-- Opening Marker --

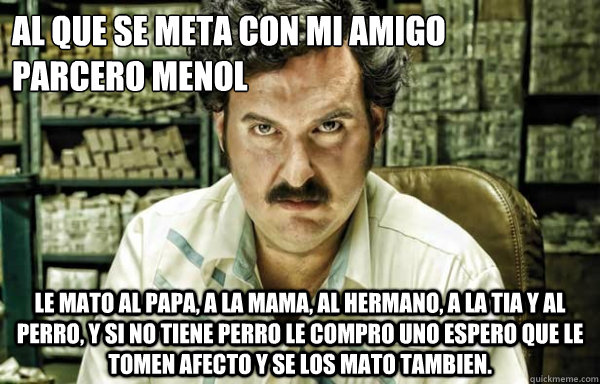 al que se meta con mi amigo 
parcero menol  le mato al papa, a la mama, al hermano, a la tia y al perro, y si no tiene perro le compro uno espero que le tomen afecto y se los mato tambien.  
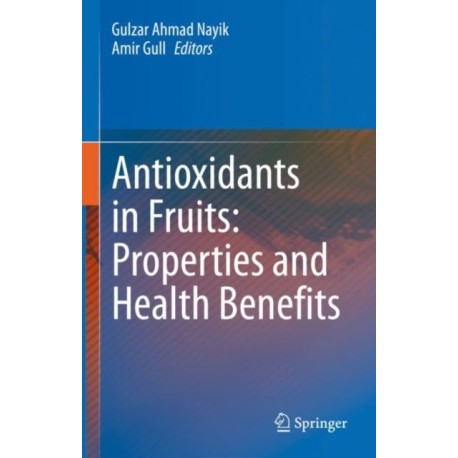 Antioxidants in Fruits: Properties and Health Benefits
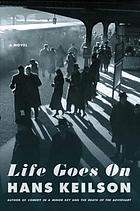 Life goes on : [a novel]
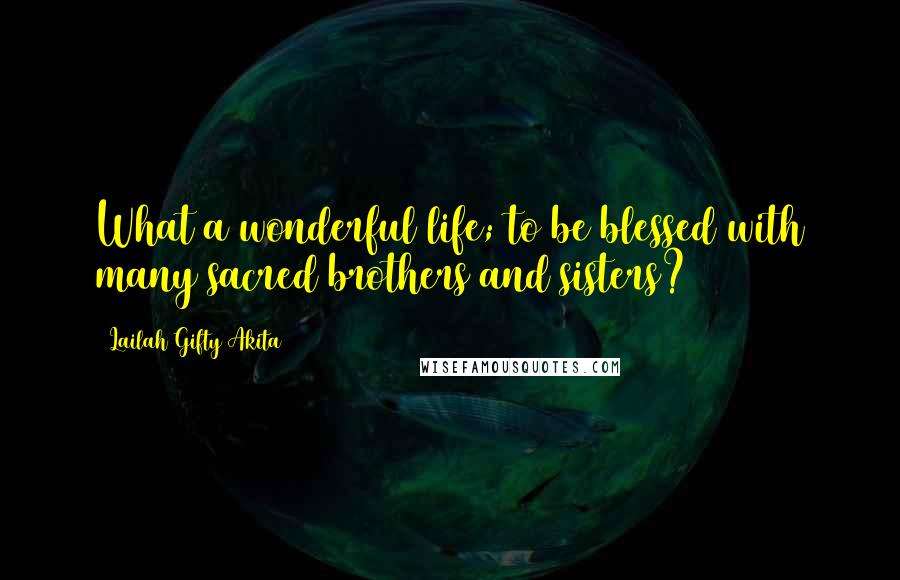 Lailah Gifty Akita Quotes: What a wonderful life; to be blessed with many sacred brothers and sisters?
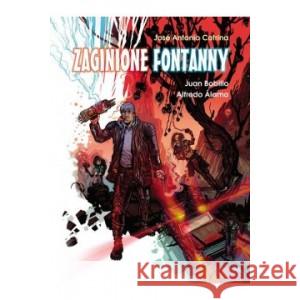 Zaginione Fontanny COTRINA JOSE ANTONIO, BOBILLO JUAN, ALAMO ALFREDO 9788396540362 ELEMENTAL - książka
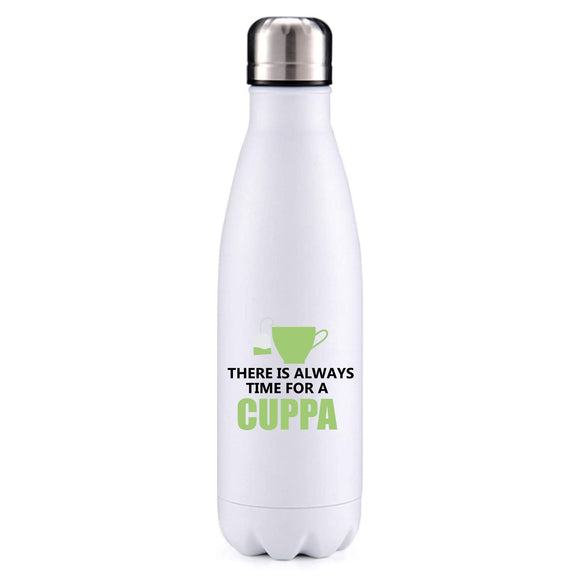 Always time for a cuppa insulated metal bottle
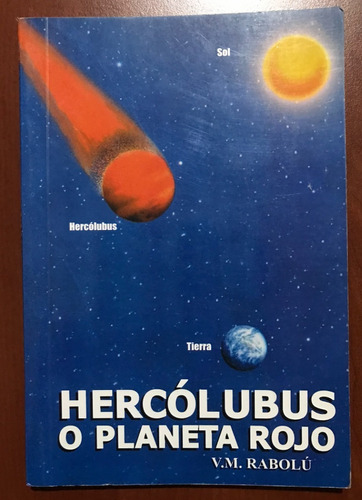 Hercólubus O Planeta Rojo / V.m. Rabolú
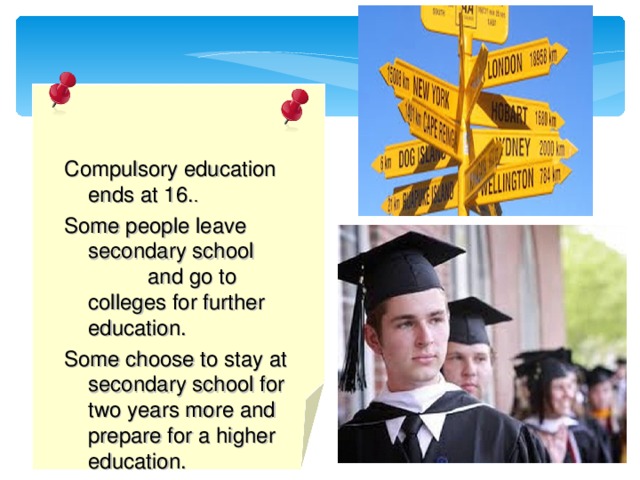 Compulsory education ends at 16. . Some people leave secondary school and go to colleges for further education. Some choose to stay at secondary school for two years more and prepare for a higher education.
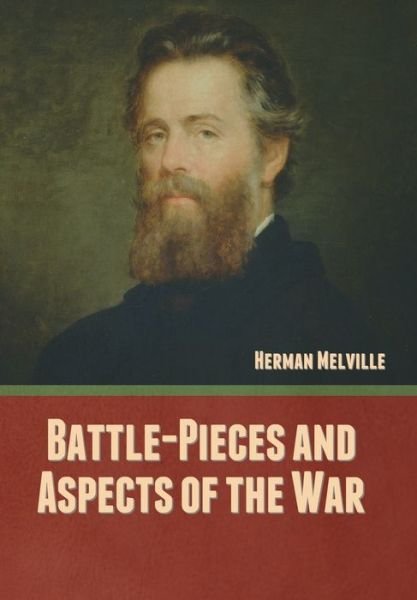 Cover for Herman Melville · Battle-Pieces and Aspects of the War (Inbunden Bok) (2022)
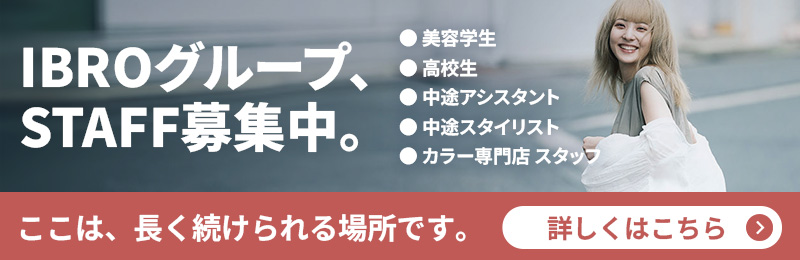 IBROグループ、STAFF募集中。 美容学生・高校生・中途アシスタント・スタイリスト・カラー専門店 ここは、長く続けられる場所です。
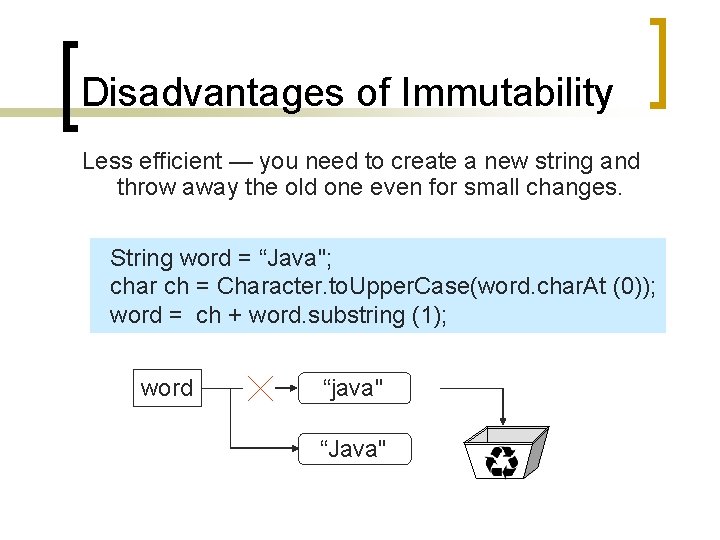 Disadvantages of Immutability Less efficient — you need to create a new string and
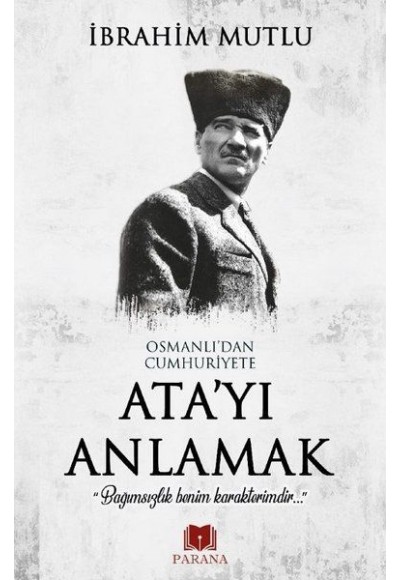 Osmanlı'dan Cumhuriyet'e Ata'yı Anlamak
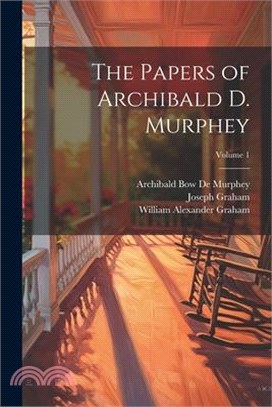 The Papers of Archibald D. Murphey; Volume 1
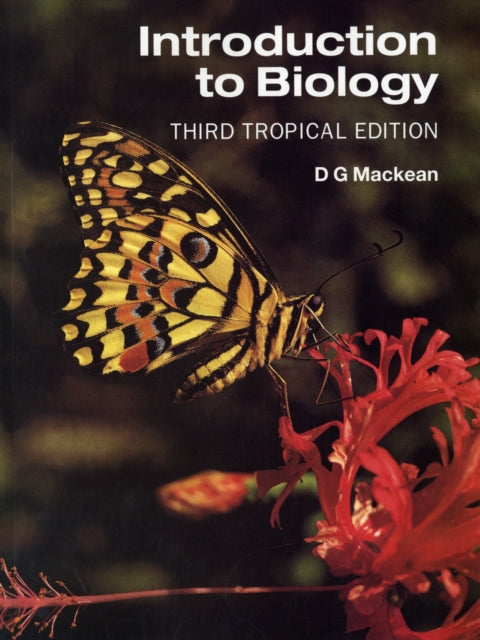 Book cover of: Introduction to Biology Third Tropical Edition. By: D.G. Mackean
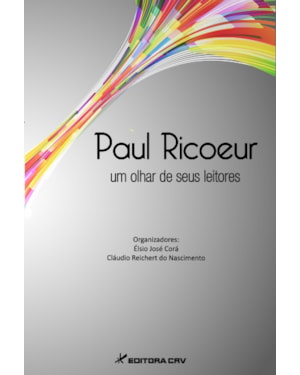 PAUL RICOEUR UM OLHAR DE SEUS LEITORES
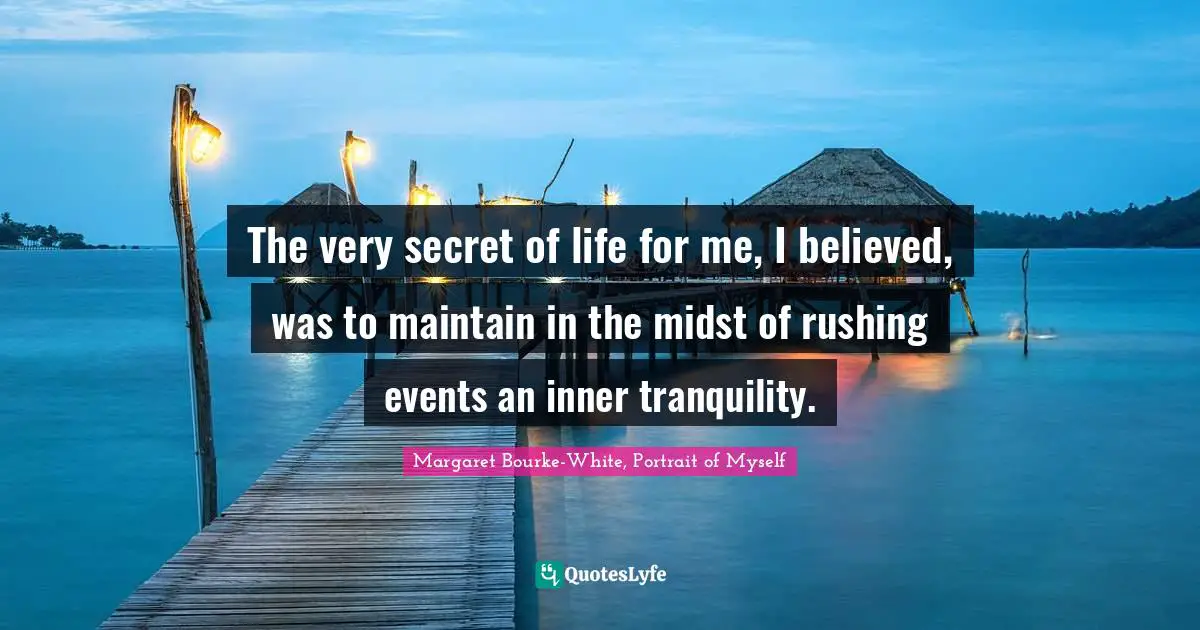 The very secret of life for me, I believed, was to maintain in the midst of rushing events an inner tranquility.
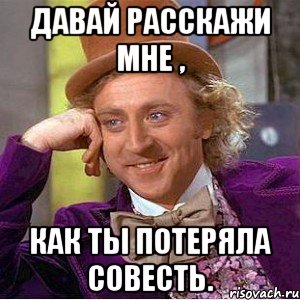 Давай расскажи мне , как ты потеряла совесть., Мем Ну давай расскажи (Вилли Вонка)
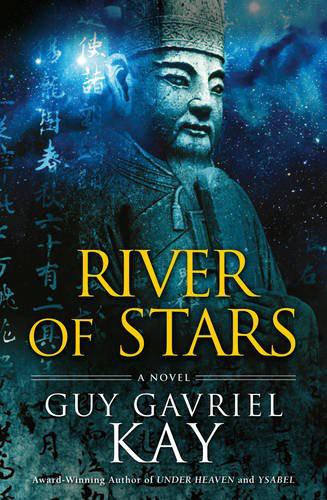 Kay, Guy Gavriel - River of Stars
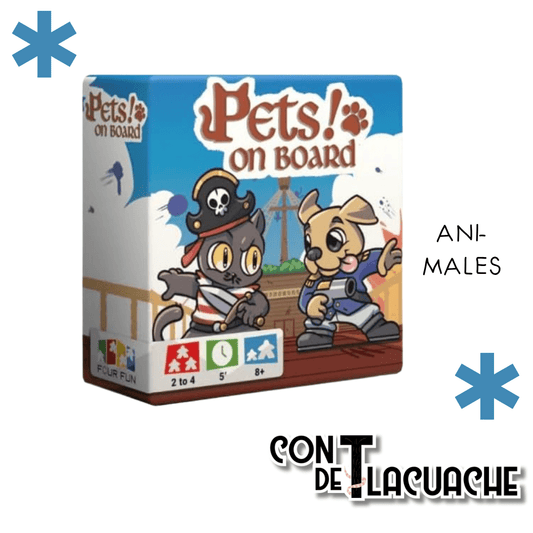 Pets! on Board | Calamity Games - Con T de Tlacuache - Calamity Games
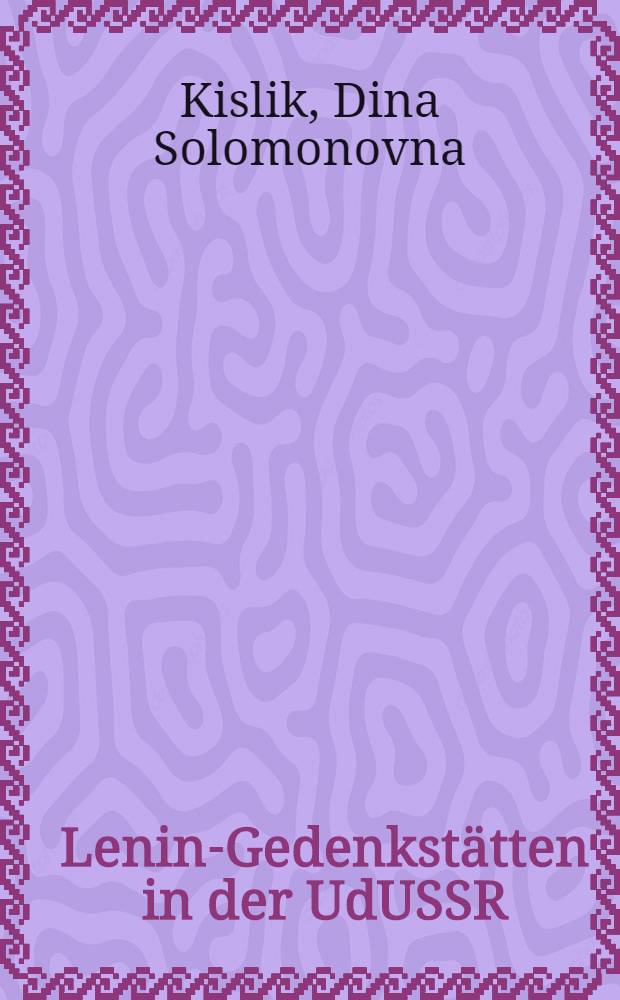 Lenin-Gedenkst&auml;tten in der UdUSSR : Reisef&uuml;hrer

-- Closing Marker --

Among the entries above, find the line with "Zaginione Fontanny COTRINA" and repeat exactly from there through the line with "Hercólubus O Planeta Rojo / V.m. Rabolú", leaving out the pictures.

 Zaginione Fontanny COTRINA JOSE ANTONIO, BOBILLO JUAN, ALAMO ALFREDO 9788396540362 ELEMENTAL - książka
 Always time for a cuppa insulated metal bottle
 Hercólubus O Planeta Rojo / V.m. Rabolú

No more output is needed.